> [What you will do] Return the following from the records below: each line, word for word, starting with the line that contains "Escorts and Massages" and going on through the line that contains "Ta Là Nhân Vật", with nothing outside that range.

> [Exercise materials]
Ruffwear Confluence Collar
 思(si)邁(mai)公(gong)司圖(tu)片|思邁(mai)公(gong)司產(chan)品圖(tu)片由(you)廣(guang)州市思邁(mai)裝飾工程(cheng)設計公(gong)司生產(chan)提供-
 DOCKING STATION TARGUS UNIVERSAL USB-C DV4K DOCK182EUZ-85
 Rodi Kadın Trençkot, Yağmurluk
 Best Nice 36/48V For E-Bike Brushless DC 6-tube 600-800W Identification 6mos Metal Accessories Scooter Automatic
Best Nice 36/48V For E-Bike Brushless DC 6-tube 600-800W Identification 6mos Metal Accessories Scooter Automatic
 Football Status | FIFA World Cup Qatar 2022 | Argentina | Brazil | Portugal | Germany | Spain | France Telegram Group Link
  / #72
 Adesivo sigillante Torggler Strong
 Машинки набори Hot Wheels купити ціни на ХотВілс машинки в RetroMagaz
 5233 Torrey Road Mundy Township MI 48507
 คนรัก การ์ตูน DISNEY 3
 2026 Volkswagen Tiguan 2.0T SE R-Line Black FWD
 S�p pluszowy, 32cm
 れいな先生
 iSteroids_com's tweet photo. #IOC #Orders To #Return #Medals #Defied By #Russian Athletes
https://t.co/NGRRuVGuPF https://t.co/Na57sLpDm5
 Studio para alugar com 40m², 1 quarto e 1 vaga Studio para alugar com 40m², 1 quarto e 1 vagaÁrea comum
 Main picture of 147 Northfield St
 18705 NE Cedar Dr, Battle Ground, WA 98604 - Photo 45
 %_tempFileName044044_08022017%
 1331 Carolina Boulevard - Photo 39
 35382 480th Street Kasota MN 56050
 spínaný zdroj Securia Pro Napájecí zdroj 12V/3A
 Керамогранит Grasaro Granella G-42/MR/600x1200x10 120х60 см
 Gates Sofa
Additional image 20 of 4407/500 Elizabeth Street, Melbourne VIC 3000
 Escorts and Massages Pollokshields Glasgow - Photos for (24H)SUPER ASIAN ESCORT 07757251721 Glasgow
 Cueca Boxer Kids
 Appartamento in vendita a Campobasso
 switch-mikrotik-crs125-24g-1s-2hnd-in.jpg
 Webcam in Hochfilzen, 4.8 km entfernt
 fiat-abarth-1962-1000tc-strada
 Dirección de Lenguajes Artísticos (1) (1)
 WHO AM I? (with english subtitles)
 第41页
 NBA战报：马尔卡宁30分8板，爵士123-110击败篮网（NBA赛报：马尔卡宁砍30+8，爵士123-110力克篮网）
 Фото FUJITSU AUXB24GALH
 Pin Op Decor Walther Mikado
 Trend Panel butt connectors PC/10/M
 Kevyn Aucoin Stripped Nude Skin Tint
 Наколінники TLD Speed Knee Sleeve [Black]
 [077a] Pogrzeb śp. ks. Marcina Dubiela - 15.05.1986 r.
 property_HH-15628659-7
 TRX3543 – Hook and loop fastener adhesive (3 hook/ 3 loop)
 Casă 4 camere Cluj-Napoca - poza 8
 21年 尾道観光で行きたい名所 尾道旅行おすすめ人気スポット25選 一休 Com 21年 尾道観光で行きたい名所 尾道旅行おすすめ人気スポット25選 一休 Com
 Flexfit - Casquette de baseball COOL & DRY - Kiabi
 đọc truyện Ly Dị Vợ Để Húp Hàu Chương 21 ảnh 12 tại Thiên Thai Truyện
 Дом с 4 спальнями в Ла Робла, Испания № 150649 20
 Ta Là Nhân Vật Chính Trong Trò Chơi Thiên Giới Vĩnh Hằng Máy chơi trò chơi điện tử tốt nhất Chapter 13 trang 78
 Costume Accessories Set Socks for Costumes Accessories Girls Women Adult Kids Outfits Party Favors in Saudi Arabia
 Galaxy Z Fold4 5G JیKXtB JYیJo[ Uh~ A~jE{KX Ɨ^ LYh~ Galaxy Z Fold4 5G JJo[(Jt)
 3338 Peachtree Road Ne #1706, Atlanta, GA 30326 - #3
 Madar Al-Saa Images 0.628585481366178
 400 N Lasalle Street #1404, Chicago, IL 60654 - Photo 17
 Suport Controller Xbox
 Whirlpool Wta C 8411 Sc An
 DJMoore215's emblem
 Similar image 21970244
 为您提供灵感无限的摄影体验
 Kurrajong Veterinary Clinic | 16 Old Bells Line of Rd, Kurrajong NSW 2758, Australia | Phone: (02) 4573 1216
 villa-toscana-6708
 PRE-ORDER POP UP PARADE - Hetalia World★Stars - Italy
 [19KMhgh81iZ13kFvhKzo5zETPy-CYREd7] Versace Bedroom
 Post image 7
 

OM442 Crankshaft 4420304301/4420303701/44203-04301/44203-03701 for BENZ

> [Answer section]
 Escorts and Massages Pollokshields Glasgow - Photos for (24H)SUPER ASIAN ESCORT 07757251721 Glasgow
 Cueca Boxer Kids
 Appartamento in vendita a Campobasso
 switch-mikrotik-crs125-24g-1s-2hnd-in.jpg
 Webcam in Hochfilzen, 4.8 km entfernt
 fiat-abarth-1962-1000tc-strada
 Dirección de Lenguajes Artísticos (1) (1)
 WHO AM I? (with english subtitles)
 第41页
 NBA战报：马尔卡宁30分8板，爵士123-110击败篮网（NBA赛报：马尔卡宁砍30+8，爵士123-110力克篮网）
 Фото FUJITSU AUXB24GALH
 Pin Op Decor Walther Mikado
 Trend Panel butt connectors PC/10/M
 Kevyn Aucoin Stripped Nude Skin Tint
 Наколінники TLD Speed Knee Sleeve [Black]
 [077a] Pogrzeb śp. ks. Marcina Dubiela - 15.05.1986 r.
 property_HH-15628659-7
 TRX3543 – Hook and loop fastener adhesive (3 hook/ 3 loop)
 Casă 4 camere Cluj-Napoca - poza 8
 21年 尾道観光で行きたい名所 尾道旅行おすすめ人気スポット25選 一休 Com 21年 尾道観光で行きたい名所 尾道旅行おすすめ人気スポット25選 一休 Com
 Flexfit - Casquette de baseball COOL & DRY - Kiabi
 đọc truyện Ly Dị Vợ Để Húp Hàu Chương 21 ảnh 12 tại Thiên Thai Truyện
 Дом с 4 спальнями в Ла Робла, Испания № 150649 20
 Ta Là Nhân Vật Chính Trong Trò Chơi Thiên Giới Vĩnh Hằng Máy chơi trò chơi điện tử tốt nhất Chapter 13 trang 78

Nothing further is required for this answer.